Interpret performance data

Performance data can guide you in tuning the performance of your storage array.

When interpreting Performance data, keep in mind that several factors affect the performance of your storage array. The following table describes the main areas to consider.

Performance data Implications for performance tuning
Latency (milliseconds, or ms)

Monitor the I/O activity of a specific object.

Potentially identify objects that are bottlenecks:

  • If a volume group is shared among several volumes, the individual volumes might need their own volume groups to improve the sequential performance of the drives and decrease latency.

  • With pools, larger latencies are introduced and uneven workloads might exist between drives, making the latency values less meaningful and, in general, higher.

  • Drive type and speed influence latency. With random I/O, faster spinning drives spend less time moving to and from different locations on the disk.

  • Too few drives result in more queued commands and a greater period of time for the drive to process the command, increasing the general latency of the system.

  • Larger I/Os have greater latency due to the additional time involved with transferring data.

  • Higher latency might indicate that the I/O pattern is random in nature. Drives with random I/O will have greater latency than those with sequential streams.

  • A disparity in latency among drives or volumes of a common volume group could indicate a slow drive.


Factors that affect input/output operations per second (IOPS or IOs/sec) include these items:

  • Access pattern (random or sequential)

  • I/O size

  • RAID level

  • Cache block size

  • Whether read caching is enabled

  • Whether write caching is enabled

  • Dynamic cache read prefetch

  • Segment size

  • The number of drives in the volume groups or storage array

The higher the cache hit rate, the higher I/O rates will be.

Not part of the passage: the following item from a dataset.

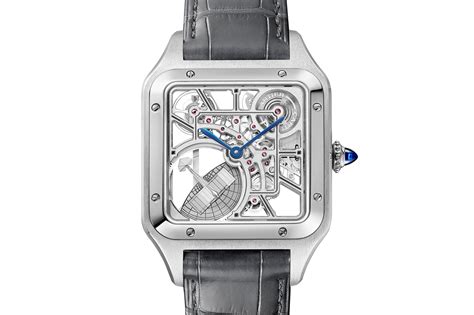 cartier santos dumont 2019|cartier santos dumont skeleton price.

Higher write I/O rates are experienced with write caching enabled compared to disabled. In deciding whether to enable write caching for an individual volume, look at the current IOPS and the maximum IOPS. You should see higher rates for sequential I/O patterns than for random I/O patterns. Regardless of your I/O pattern, enable write caching to maximize the I/O rate and to shorten the application response time.

You can see performance improvements caused by changing the segment size in the IOPS statistics for a volume. Experiment to determine the optimal segment size, or use the file system size or database block size.


Transfer or throughput rates are determined by the application I/O size and the I/O rate. Generally, small application I/O requests result in a lower transfer rate but provide a faster I/O rate and shorter response time. With larger application I/O requests, higher throughput rates are possible.

Understanding your typical application I/O patterns can help you determine the maximum I/O transfer rates for a specific storage array.


This value is a percentage of processing capacity that is being used.

You might notice a disparity in the CPU usage of the same types of objects. For example, the CPU usage of one controller is heavy or is increasing over time while that of the other controller is lighter or more stable. In this case, you might want to change the controller ownership of one or more volumes to the controller with the lower CPU percentage.

You might want to monitor CPU across the storage array. If CPU continues to increase over time while application performance decreases, you might need to add storage arrays. By adding storage arrays to your enterprise, you can continue to meet application needs at an acceptable performance level.


Headroom refers to the remaining performance capability of the controllers, the controller host channels, and the controller drive channels. This value is expressed as a percentage and represents the gap between the maximum possible performance these objects are able to deliver and the current performance levels.

  • For the controllers, headroom is a percentage of maximum possible IOPS.

  • For the channels, headroom is a percentage of maximum throughput, or MiB/s. Read throughput, write throughput, and bidirectional throughput are included in the calculation.